その白く細い首には真っ赤なレッド・バッドが食いついていた。
「自分の身は、自分で守ってねー。そこまで面倒見きれないからー‥‥って、言ってる側からヤられてるしっ」
アキが慌てて円盤状のチャクラムを投げ、見事に虎娘の血を吸っていたレッド・バットを叩き落とす。
「むむむ、これは聞くかニャ〜? 文献で昔読んだニャ〜!」
アヤカが短剣から腰に刺しておいたブーメランに持ち替え、襲い繰るコウモリを攻撃!
狙っていたコウモリにはすっと逃げられてしまったが、ブーメランの軌道上にたまたまいたレッド・バットに見事命中☆
多少練習していたものの、実践では初めて使う武器にしては見事といえよう。
「ニャハハっ、やったニャ〜♪」
アヤカはご機嫌に敵を叩き落してゆく。
「随分とお行儀の悪いコウモリですね。‥‥アイスミスト!」
セルムがケーナを狙おうとしていたレッド・バットに気づき、絶対零度の霧を発生させてその身を瞬時に凍らせた。

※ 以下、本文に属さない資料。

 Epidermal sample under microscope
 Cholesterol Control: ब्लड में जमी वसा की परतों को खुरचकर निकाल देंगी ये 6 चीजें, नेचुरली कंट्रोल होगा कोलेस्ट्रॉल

ギギギッ‥‥キーーーーーーーーーーーーーーーーーッ!!!
レッド・バットを次々と落とすハンター達に、音波を封じられたブラック・バットがブチ切れた。
その羽根がボロボロになるのも構わず、狭い洞窟の中をハンター達めがけて突撃してくる!
「牙龍拳‥‥剣術奥義‥‥第三節の1、牙突!」
蒼龍が必殺技を繰り出し、サーベルをブラック・バットを串刺しにする。
余りにも一瞬の出来事にきょとんとした表情を見せたブラック・バットは、次の瞬間絶命した。
●エピローグ
「ありがたく思いなさい」
トールが血を吸われてぐったりしている虎娘に治癒魔法を施す。
「血吸われちゃった? 病気かかってたら大変‥‥世界を存在させる精霊達よ、人が持つ力を正常に保って」
ケーナも心配して病気を追い払うように精霊たちに願う。
二人の術士に治療された虎娘は元気はつらつ☆
「ありがとうです〜。いっぱい頑張ったから娘々さまもきっと褒めてくれますぅ♪」
ご機嫌にぴょこんと跳ねる。
そしてセルムはそんな三人の横に、変わった石が落ちていることに気づく。
「原石も磨かなければ只の石ころとは‥‥本当ですね。これどうしましょう?」
手に取ったそれは、間違いなく貴石。
「うっそ、マジ? ボクも探してたのに見つからなかったよ。ボクも探してくるね♪」
アキは止めるまもなく駆け出してゆく。
そして虎娘はいそいそと天仙娘々に報告書を書く。
「んっと〜、今日は『エンドウマメの洞窟』でコウモリをやっつけました。まるっ!」
えんどう豆の洞窟じゃなくて、エンメンドウ洞窟なのだが、虎娘は少しも気づかない。
きっと後ほど天仙娘々に目いっぱい怒られることだろう。
「お宝見つけたんだよ♪」
お宝目指してはしゃぐアキの声が洞窟に響いた。